Bad Day

As I write this, I’m feeling a little bit more “in my head” than usual. I’m not sure what to do about that. My first impulse when this happens is to travel to the ends of the Earth and, I don’t know, look around or something, but that is unfeasible for reasons that should be fairly obvious. I had a night like that my second semester in grad school. I couldn’t sleep, so I left my apartment and just started walking. Eventually, I turned back, getting to bed around three in the morning. You ever feel like you’re just being pulled apart at the seams? It’s like there are two yous, one of whom wants to go far away and live a completely different life and the other of whom wants to stay right where he is? Grad school was like that a lot of the time. A lot of my life right now is like that. If I can save up the money, I will absolutely spend a week or two in NYC early next year. I need to see that city again. I had to leave so suddenly, and my parents still don’t seem to have fully accepted that I have every intention of moving back there someday. Maybe someday long after that, I’ll leave and find a place in rural New England. I don’t know. I’m not purely a city boy.

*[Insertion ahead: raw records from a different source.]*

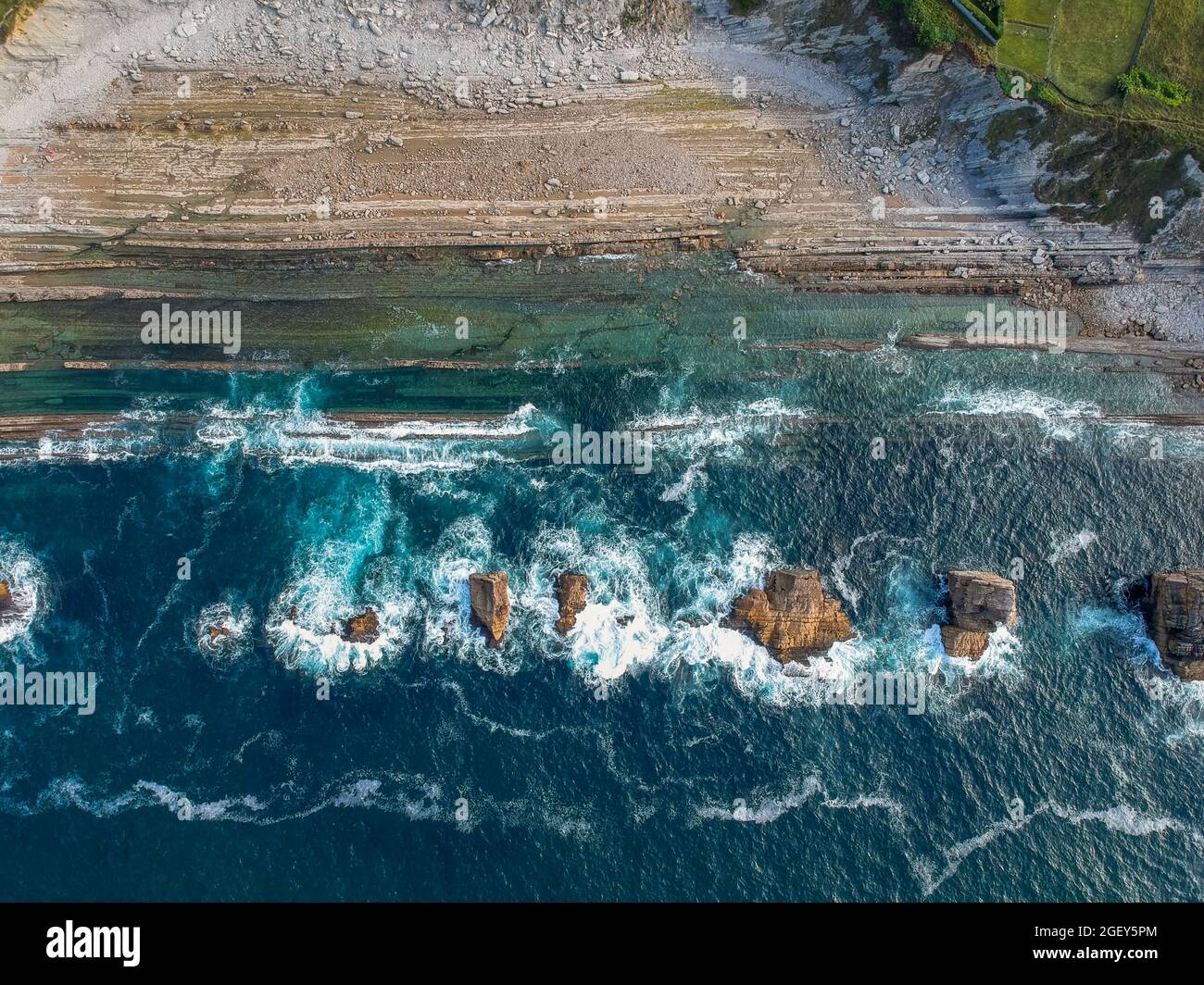 Vue spectaculaire de Playa de la Arnia, côte rocheuse à Santander, Cantabrie, Espagne Banque D'Images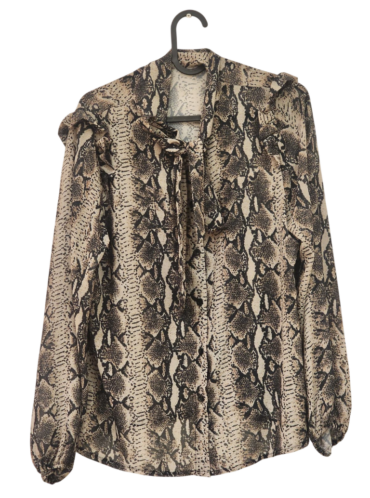 חולצה מכופתרת 10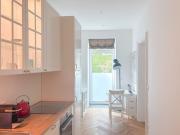 Gepflegte Altbauwohnung mit 2 Zimmern in zentraler Lage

I still spend a ridiculous amount of time on YouTube. It’s hard to stop. The videos are usually not that long, and once you’ve clicked on one, it’s almost impossible not to sit there for five minutes, then click on the next. But I am definitely getting bored with some of them. It’s funny: Coming out of the closet is supposed to liberate you and make you feel like you can be whoever you want to be, but so many people, after doing that, seem to adopt a prepackaged identity that comes with the label “gay”. And you had better believe that they are the same people who say that they don’t believe in labels because they’re constricting. What’s so scary about labels, though? They tell you what a person is, not who they are. It’s not that a person’s sexuality is the first thing you need to know about them, but it’s pretty hard to say that you know a person well if you don’t have an inkling as to their gender identity, sexual orientation, religious beliefs, politics, etc. They’re facets of your identity, nothing more, nothing less. But sexuality and gender identity trip a lot of people up because they are so damned political. You can say it’s only a part of you, but when people are trying to take away your rights, it becomes a very big part.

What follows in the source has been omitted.